MTN’s Shadow Banking Empire – Is Ghana’s Financial Stability at Risk?
- The MTN Question – Corporate Power or Financial Risk?
When mobile money (MoMo) launched in Ghana, it was hailed as a triumph of innovation, one that would democratise access to finance and bring the informal majority into the formal economy. At the forefront of this financial revolution was MTN Ghana, the country’s largest telecom provider, whose yellow kiosks and app interfaces now underpin everyday transactions from Wa to Accra.
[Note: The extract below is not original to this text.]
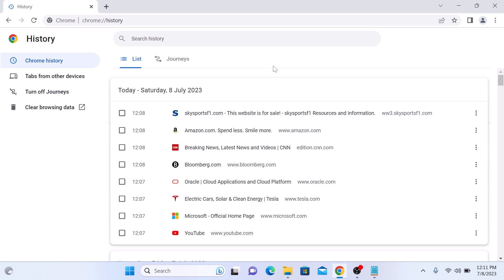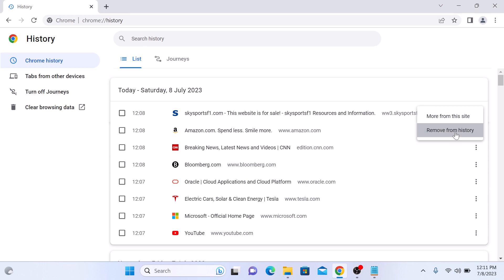Here you will find a list of all the websites you have visited. If you want to delete specific items from your history, simply click on three dots and click on remove from history.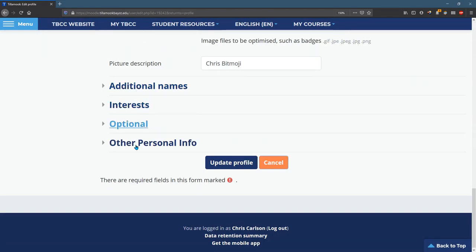You can add some additional information here. Make sure you hit update profile when you're done. I'm going to hit cancel because I don't want to save any of this just in case I accidentally deleted something.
But nearly two decades later, MTN’s financial footprint has morphed from a transactional tool to a quasi-banking empire, and its dominance has begun to raise uncomfortable questions. With mobile wallet float deposits now estimated to be nearly three times the size of the entire Ghanaian banking sector’s deposit base, experts are warning that Ghana’s economy may be sitting on a dangerously oversized financial ecosystem.
The ballroom at the Movenpick Ambassador Hotel was filled with applause on the evening of April 5, 2025, as Ghana’s finest financial institutions gathered to celebrate excellence. But the evening’s keynote address, delivered by Emeritus Professor Stephen Adei, economist, public administrator, and Companion of the Order of the Volta, cut through the ceremony with surgical clarity.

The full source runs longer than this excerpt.